(Exercise instructions) The whole listing, exactly as given: write it out, leaving out each image.

(Data below)

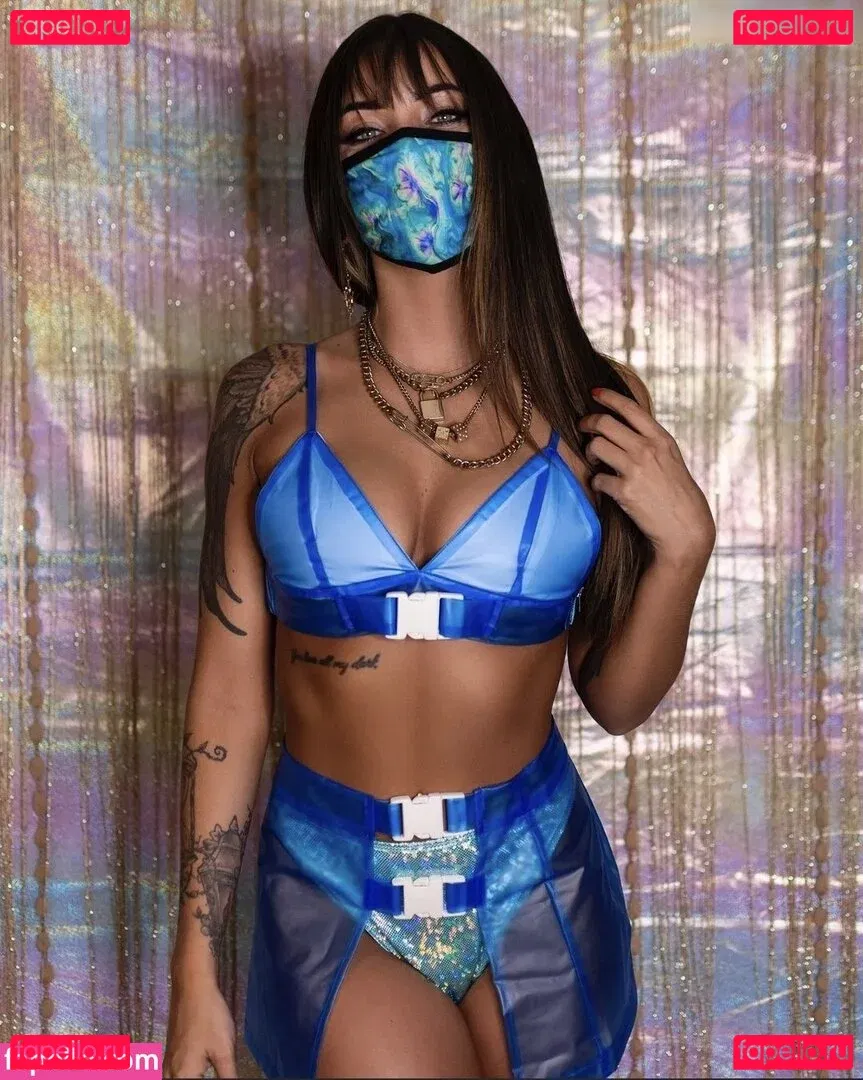 Sylina Ruiz Onlyfans Photo Gallery 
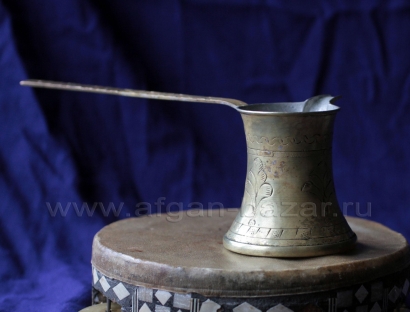 Винтажная турка для кофе. Турецкая республика, середина 20 в. Винтажная турка для кофе. Турецкая республика, середина 20 в.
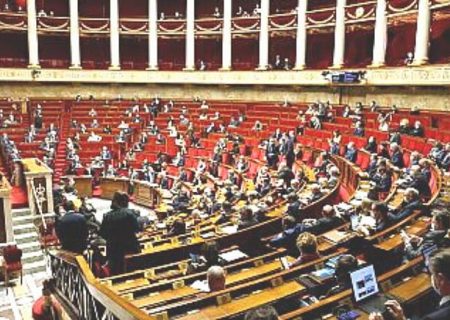 پارلمان فرانسه لایحه مقابله با جدایی‌طلبی و رادیکالیسم اسلامی را تصویب کرد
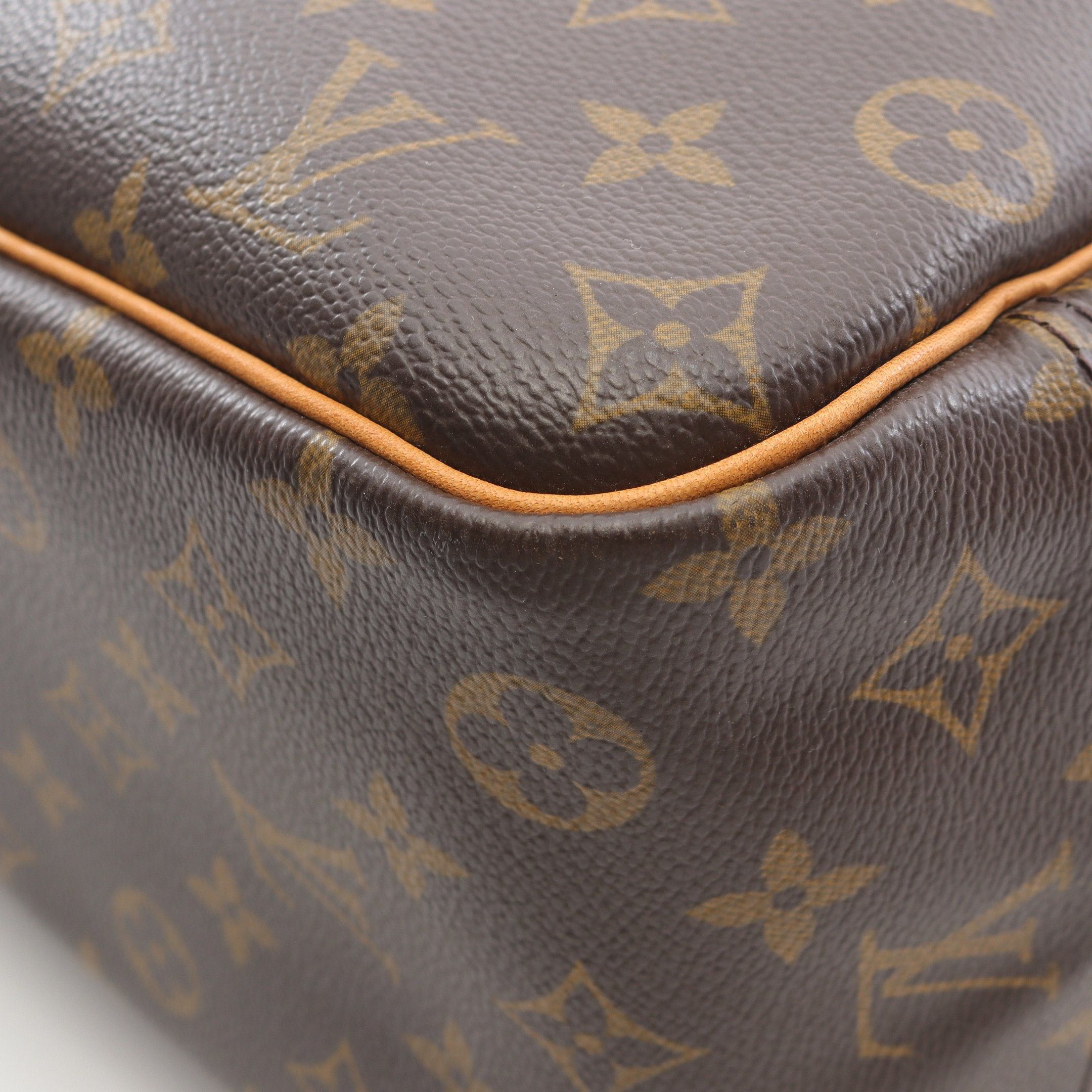 Louis Vuitton Louis Vuitton Deauville Bowling Vanity Monogram Handbag Leather Brown Size ONE SIZE - 10 Thumbnail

(Solved exercise)
 Sylina Ruiz Onlyfans Photo Gallery 
 Винтажная турка для кофе. Турецкая республика, середина 20 в. Винтажная турка для кофе. Турецкая республика, середина 20 в.
 پارلمان فرانسه لایحه مقابله با جدایی‌طلبی و رادیکالیسم اسلامی را تصویب کرد
 Louis Vuitton Louis Vuitton Deauville Bowling Vanity Monogram Handbag Leather Brown Size ONE SIZE - 10 Thumbnail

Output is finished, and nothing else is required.